Can you tell me more about your infestation? As I wrote about it here while I was dealing with it, yes, I definitely can do that. Here they are.
After reading the above and your blog entries, I still have a question. Can you help? I must admit that I am not wild about talking about bedbugs with people. It remains a very unpleasant memory. That having been said, since I went through the trauma myself, I know how upsetting and disruptive an experience it can be, and I can’t turn my back on someone in that situation who needs help. But I suggest you check a website called Bedbugger first. They have an excellent FAQ which provides much, much more information than I knew at the time of infestation, and they also have message forums. You may also want to look at Wikipedia’s bedbug article. But if, after you’ve looked over these, there’s still something I can answer for you, please go ahead and ask me — keeping in mind that as I said, I’m not a pest control professional, a lawyer, an entomologist, or otherwise any sort of expert, and just an average schlub like you. I’ll try to help you as best I can.

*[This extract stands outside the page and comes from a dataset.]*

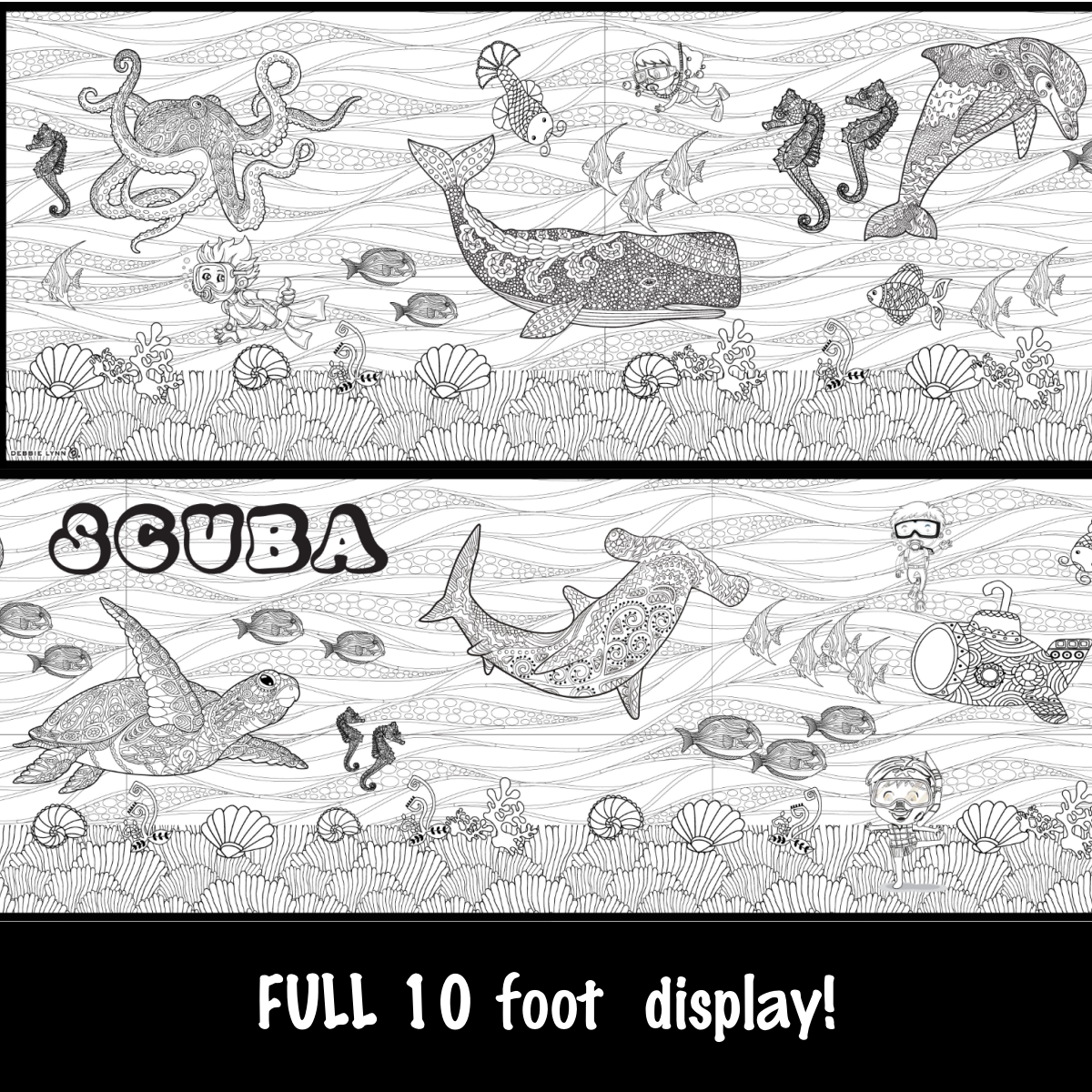 Scuba Sea Scape Faith VBS Giant Coloring Banner Poster 24x120"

What’s the best advice you can give me? Remember that this is a finite problem. It will not last forever, even in the worst-case scenario that you need multiple sprayings. You will get out the other end of this, and there will be a day in the future where you are living life as you once did, except that this time, you’ll realize how sweet normalcy can be … and life will be all the sweeter, and you will be all the happier, thanks to that realization.
Any resources on the Web you can recommend for me?
- Your first stop should be Bedbugger, a bedbug blog created by ‘NoBugsOnMe’ and ‘JessInChicago’, a site which offers far more bedbug resources than I do. A fantastic resource, and where you should go first.
- Wikipedia’s entry on bedbugs. I know, I know. But I added everything I learned from my exterminator about bedbugs to that article, and it’s a fairly good resource.
- MSNBC
- MSNBC: “Harold Harlan, who was a career bug expert for the military, is a prominent authority on bed bugs. Below, he answered a few frequently asked questions.”
- MSNBC: “Dini M. Miller, Ph.D., an associate professor in Urban Pest Management at Virginia Tech’s Department of Entomology answered some of the questions viewers e-mailed Dateline after the report on bed bugs. Read below.”